日本政府の貸借対照表は次のようになっており、負債は増えているが資産も増えており、差引き200~600兆円(企業で言う所の資本金)であり、日本政府が借金で倒産デフォルトすることはない。
資産asset 負債liability
1,000兆円(土地・金融資産) 1,400兆円
600~1,000兆円(徴税権) (註;30~50兆円/年×20倍=600~1,000兆円
460兆円(日本銀行の国債) 460兆円(日本銀行の日銀券)
2,060~2,460兆円 1,860兆円
国債は財務省が国債発行し、全額を日銀が国債購入するため、将来負担にはならない。日銀が国債を買い取ることで政府の借金は消える。また、日銀に政府は利払いする(日銀の収益)が、政府の子会社である日銀からの納付金があり100%政府に戻る。国債の償還10年だが、政府は国債で償還し、これを永遠に繰り返す。ざっくりと、資産600兆円とすると負債500兆円で差引き100兆円儲かっていることになる。ちなみに、日銀が全部買うと国債市場が消滅してしまう。政府は、造幣局(硬貨)と日本銀行(紙幣)の二つの子会社で貨幣を製造する。中央銀行の独立性は、手段としてであり目標として独立性ではない。

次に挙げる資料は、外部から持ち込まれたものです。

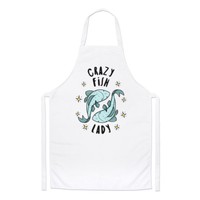 VerrüCkte Fisch Damen Stars Koch SchüRze - Lustig Tiere Kochen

株価3万円はバブルか?バブルであれば先物を高く売って安く買い戻すことで儲けられる。ファイナンス論(伊藤清著)に、将来の予想収益÷金利=株価がある。予想収益÷5%(0.05)=予想収益×20となり、低金利は株価上昇に繋がる。即ち、金利は低いままであり株価は高いままで維持される。株価上昇は日銀の買入れが要因との指摘があるが、日銀が株式購入したのは2020年3月~であり、株価上昇2020年10月~と同期しないし、時価総額700兆円に比べ日銀購入6兆円と僅かである。
話しは変わるが、中国経済は中所得国の罠(1万ドル)に嵌まっている。バブルは誤魔化せても、一帯一路やAIIBは上手く行ってない。国家資本主義と言う概念が、ソビエト連邦の失敗の教訓から学んでおらず、膨大な不良債権を内包していると思われる。
財務省が主導し民主党や自民党が消費税を増やしてきたが、日本政府の財政破綻がウソだったとなると、これまでの政策は何だったのかと思ってしまう。高橋洋一氏は理系出身の財務官僚であり、データに基づいた説明には納得感がある。新型コロナ対策の予備費100兆円も大盤振る舞いのように見えるが、失業率が諸外国に比べ低く抑えられていることから、適切な政策が打たれているものと思われる。